■ THE TASK: Leave the pictures out and reproduce, exactly, the lines from the one with "Book cover of: Qualitative" through the end of the entries below.

■ DATASET RECORDS:
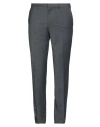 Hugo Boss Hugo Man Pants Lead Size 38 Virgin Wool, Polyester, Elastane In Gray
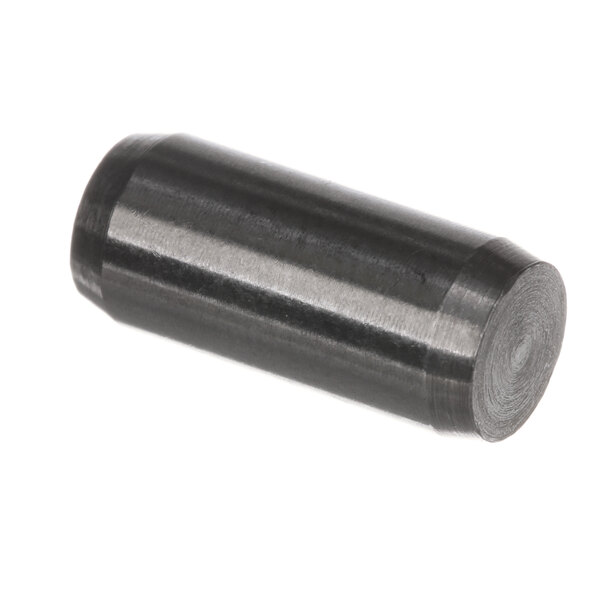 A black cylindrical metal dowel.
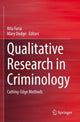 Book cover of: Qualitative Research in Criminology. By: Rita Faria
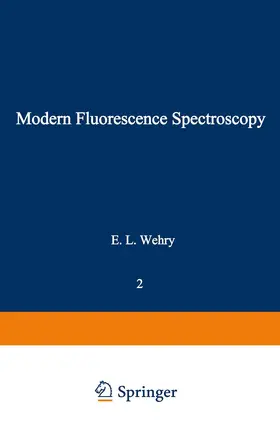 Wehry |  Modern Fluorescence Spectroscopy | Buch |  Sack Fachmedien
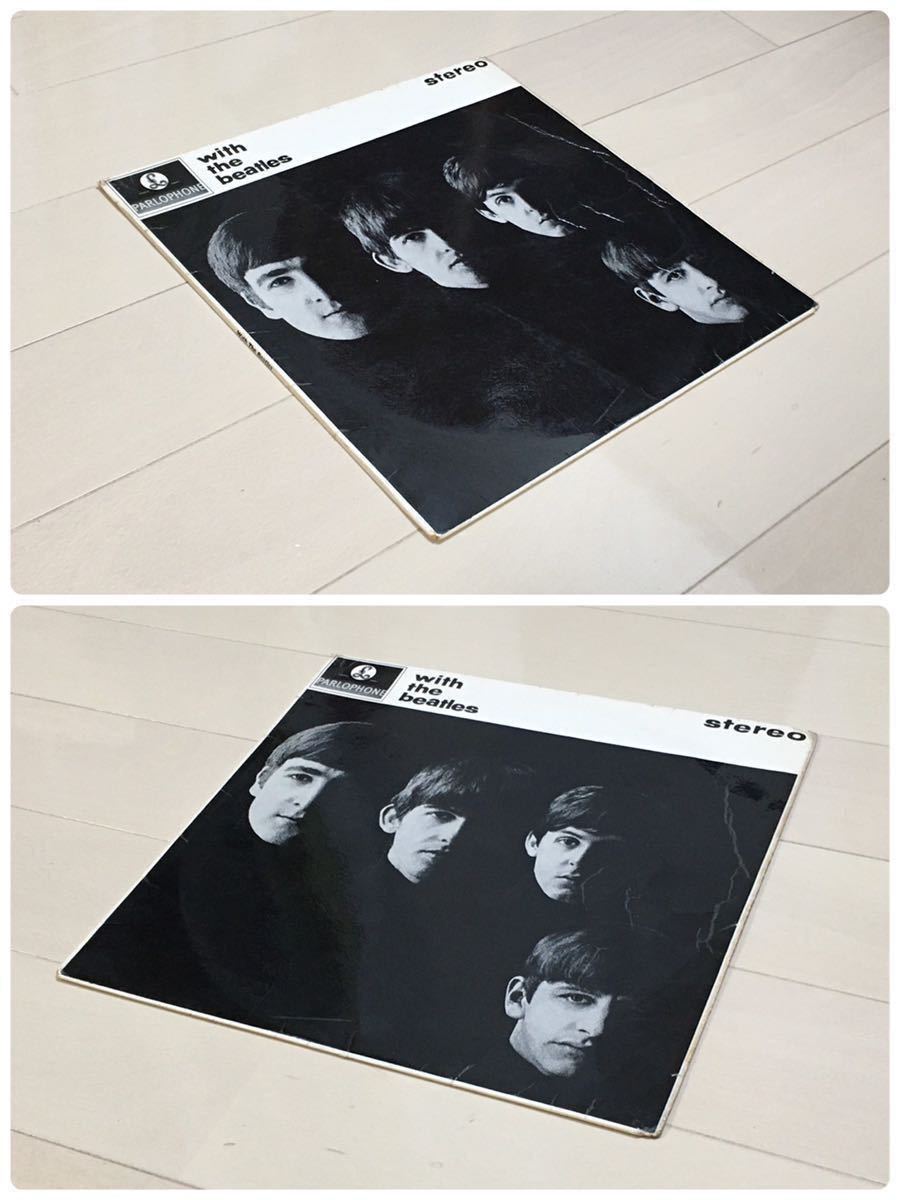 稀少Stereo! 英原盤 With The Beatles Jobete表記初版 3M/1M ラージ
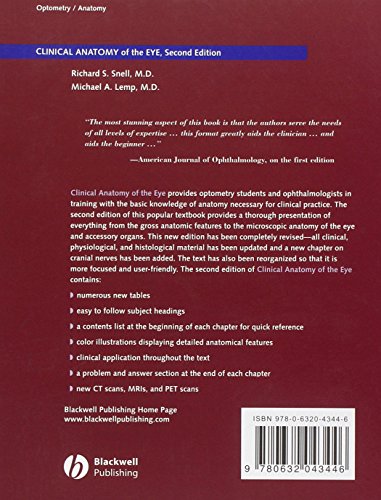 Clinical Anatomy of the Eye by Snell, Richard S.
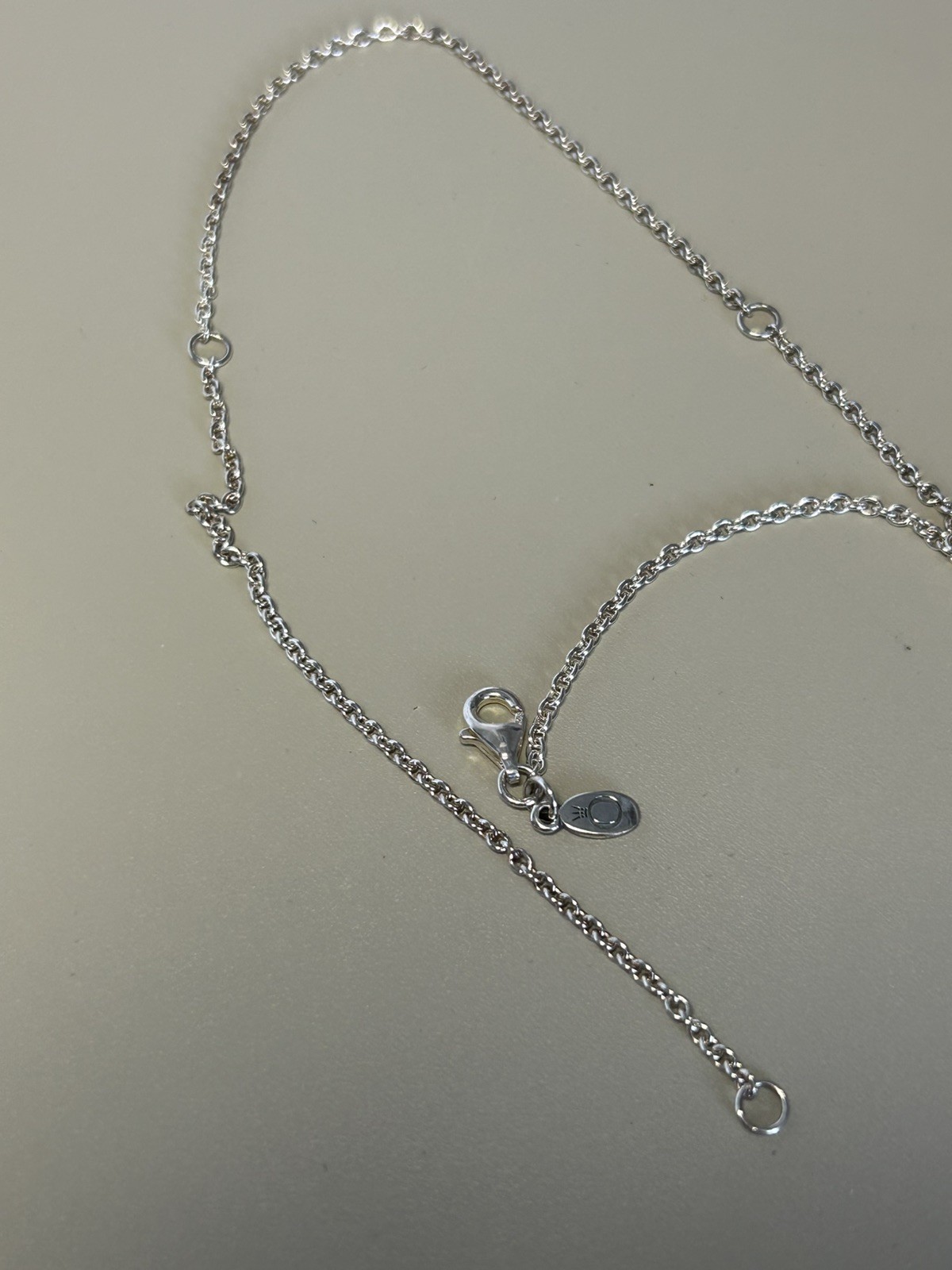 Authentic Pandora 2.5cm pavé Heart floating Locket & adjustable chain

■ SOLUTION TO THE PROBLEM:
 Book cover of: Qualitative Research in Criminology. By: Rita Faria
 Wehry |  Modern Fluorescence Spectroscopy | Buch |  Sack Fachmedien
 稀少Stereo! 英原盤 With The Beatles Jobete表記初版 3M/1M ラージ
 Clinical Anatomy of the Eye by Snell, Richard S.
 Authentic Pandora 2.5cm pavé Heart floating Locket & adjustable chain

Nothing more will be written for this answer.